Thorïn lui tournait toujours le dos, il ne semblait même pas l'entendre, elle n'était même pas sûr qu'il soit encore conscient de sa présence avec lui. Elle se leva et le rejoignit, elle passa ses bras autour de lui et posa sa tête dans sa nuque à lui. Il eut un sursaut de surprise qui brisa un peu plus le cœur de Níniel, mais elle ne lâcha pas prise. Thorïn se retourna alors vers elle, dans une sorte de lenteur mesurée qui avait quelque chose d'horrifiant, puis son regard qui fixait quelque chose juste au-dessus d'elle, tout cela était tellement douloureux.

-Je n'ai pas faim, répondit-il.

-D'accord, fit Niniel qui s'avouait vaincu pour cette fois, mais tu ne veux pas monter avec moi, les autres voudraient te voir.

-Les autres feraient mieux de venir chercher l'arkenstone, déclara t-il brusquement.

Níniel ferma les yeux avec une expression douloureuse, l'arkenstone, il n'avait que ce mot à la bouche, tout le temps, à longueur de journée. Heureusement, quand les autres nains de la compagnie, et Bilbo, étaient là, Thorïn se comportait à peu près normalement à part qu'il les obligeait à chercher cette pierre pendant des heures entières.

-Ils sont fatigués, répliqua t-elle avec le peu de patience qui lui restait. Ils mangent et tu devrais faire pareil.

-Je suis le roi, siffla t-il, qui es-tu pour me dire ce que je dois faire ?!

La gifle claqua avant même qu'elle ne se rende compte de ce qu'elle avait fait, ses yeux brillaient de larmes rageuses tandis qu'elle le fixait en frissonnant de fureur.

-Comment peux-tu me dire ça en me regardant dans les yeux ? Demanda t-elle avec la voix qui tremblait.

Mais, il l'avait déjà oubliée, il s'était détourné et avançait dans son trésor sans plus se préoccuper d'elle.

-Hé oh ! Bombur ? Bifur ? Y a quelqu'un ?!

La voix résonna dans toute la salle comme un échos venant d'un autre monde. Níniel laissa échapper un petit cri en la reconnaissant.

-Mais... C'est la voix de Bofur, se rendit-elle compte en sentant ses jambes menacer de la lâcher.

Puis, elle se rendit compte qu'ils allaient voir Thorïn dans cet état là ! Elle voulut se jeter vers lui pour le forcer à rentrer, elle entendit vaguement la voix de Bilbo au loin.

-Fili !

Níniel sortit de sa cachette pour voir Bilbo, Fili, Kili, Oïn, Bofur et Aslinn contempler Thorïn au milieu de son or.
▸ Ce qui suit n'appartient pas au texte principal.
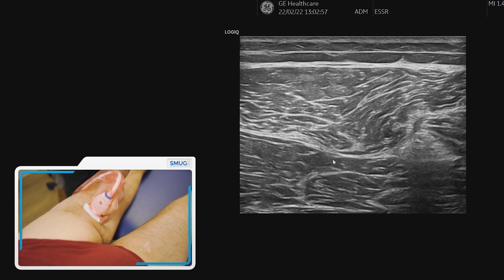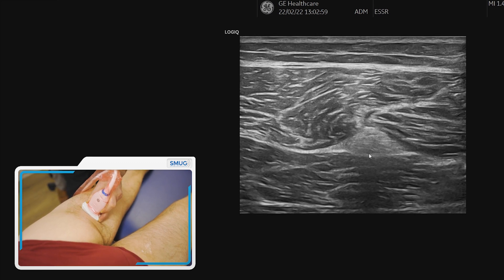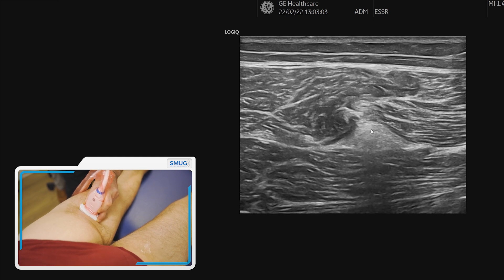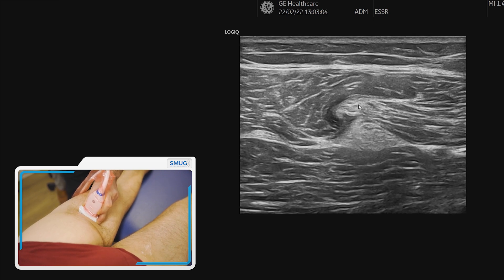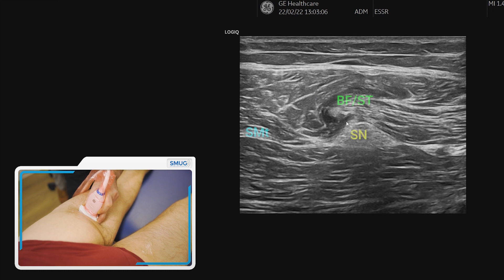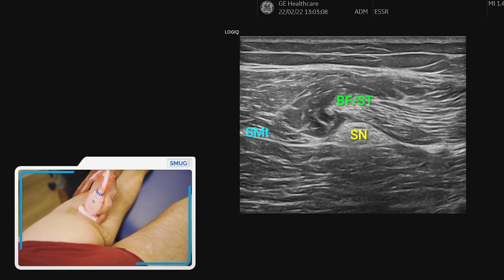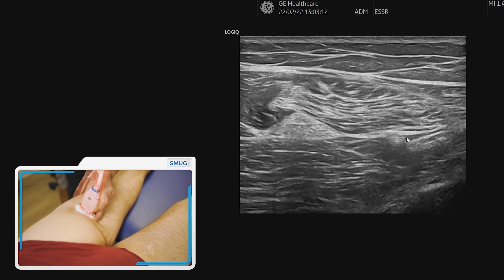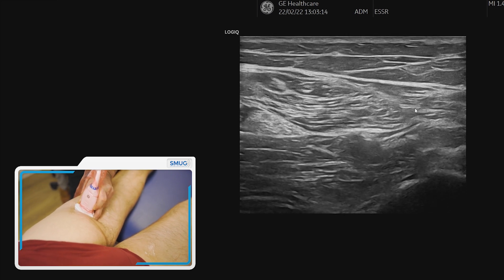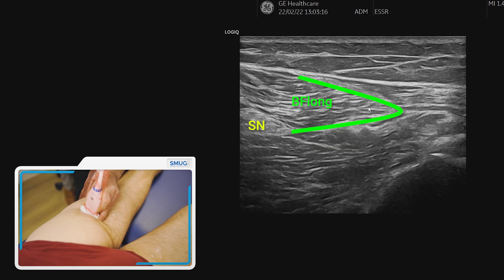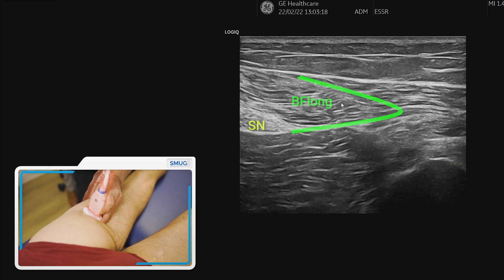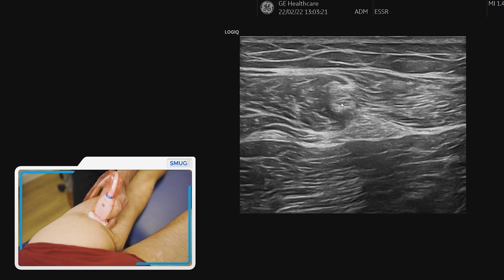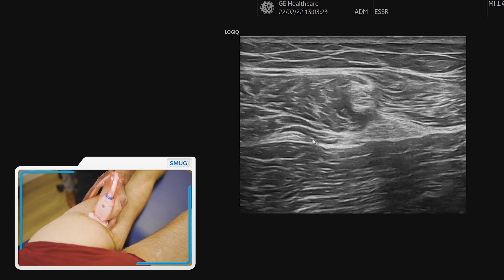Going back to the semimembranosus tendon and the deep fascia, following it laterally we see this big nodule which is the sciatic nerve. Above that is the conjoined tendon from the semitendinosus and the biceps. Following it further laterally along the deep fascial plane, you can see the end of that lateral compartment, which is the long head of biceps.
-De l'or... Au delà de toute mesure... Au delà du chagrin et des souffrances. Admirez ! L'immense trésor de Thror ! Déclama Thorïn d'une voix étrangement rauque et sifflante. Bienvenue mes chers neveux dans le royaume d'Erebor!

Níniel sentit les larmes menacer à nouveau de couler sur ses joues quand elle vit Aslinn en haut des escaliers, visiblement plus vivante que jamais. Elle jeta un dernier regard à Thorïn mais le mal qu'elle lisait dans ses yeux ne lui laissa pas le choix, elle se détourna et grimpa les marches quatre à quatre jusqu'à arriver dans la salle dans laquelle tout le monde s'était réunis. Ils étaient déjà tous entrain de s'embrasser et de crier de joie à la vu de leurs camarades en vie et en bonne forme.

-Níniel ! S'exclama Aslinn en la voyant débouler comme une furie.

L'humaine se jeta sur l'elfe et la serra dans ses bras à l'en étouffer.

-Moi aussi je suis contente de te revoir, fit Níniel. Mais là tu m'étouffes !

-Désolée mais j'ai vraiment eu peur pour toi, répondit Aslinn. Je suis bien contente que cette histoire de dragon soit finie et enterrée !

-Oui. Moi aussi, souffla la jeune elfe.

Le regard d'Aslinn se posa sur elle, quelque chose clochait chez son ami : ses yeux bleus ne brillaient plus comme à leur habitude, ils étaient ternes et foncés, de grandes cernes étaient dessinées sous eux et son air donnait l'impression qu'elle avait déjà un pied dans la tombe.

-Est-ce que ça va ? Demanda Aslinn soudain encore plus inquiète.

-Oui, oui, bien sûr, la rassura Níniel avec un sourire qui donna envie à son amie de lui donner des claques.

-Ne me mens pas Níniel, pas à moi, gronda Aslinn qui se sentait soudain agacée. As-tu déjà perdue confiance en moi ?

-Mais non, je vais bien.

Aslinn attrapa le bras de son amie sans ménagement et la tira dans un coin à l'écart des autres nains pour pas qu'ils les entendent, ni les voix.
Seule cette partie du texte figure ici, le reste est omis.